What the task requires: Scan the records for the word "Gift". Return each line where it is found.

The data:
________

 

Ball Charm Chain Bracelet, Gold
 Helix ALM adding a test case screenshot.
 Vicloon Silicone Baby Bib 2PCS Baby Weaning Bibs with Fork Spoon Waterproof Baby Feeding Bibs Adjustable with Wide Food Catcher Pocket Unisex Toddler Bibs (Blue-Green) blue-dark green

________

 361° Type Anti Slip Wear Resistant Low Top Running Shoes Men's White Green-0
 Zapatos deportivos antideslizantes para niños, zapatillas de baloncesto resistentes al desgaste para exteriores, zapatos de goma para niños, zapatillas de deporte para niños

________

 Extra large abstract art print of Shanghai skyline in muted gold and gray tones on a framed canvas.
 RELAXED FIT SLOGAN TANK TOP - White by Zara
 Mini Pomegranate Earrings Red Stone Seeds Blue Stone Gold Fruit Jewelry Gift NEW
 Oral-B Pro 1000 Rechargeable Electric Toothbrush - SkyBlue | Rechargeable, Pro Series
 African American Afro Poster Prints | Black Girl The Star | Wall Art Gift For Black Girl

________

Written response:
 Mini Pomegranate Earrings Red Stone Seeds Blue Stone Gold Fruit Jewelry Gift NEW
 African American Afro Poster Prints | Black Girl The Star | Wall Art Gift For Black Girl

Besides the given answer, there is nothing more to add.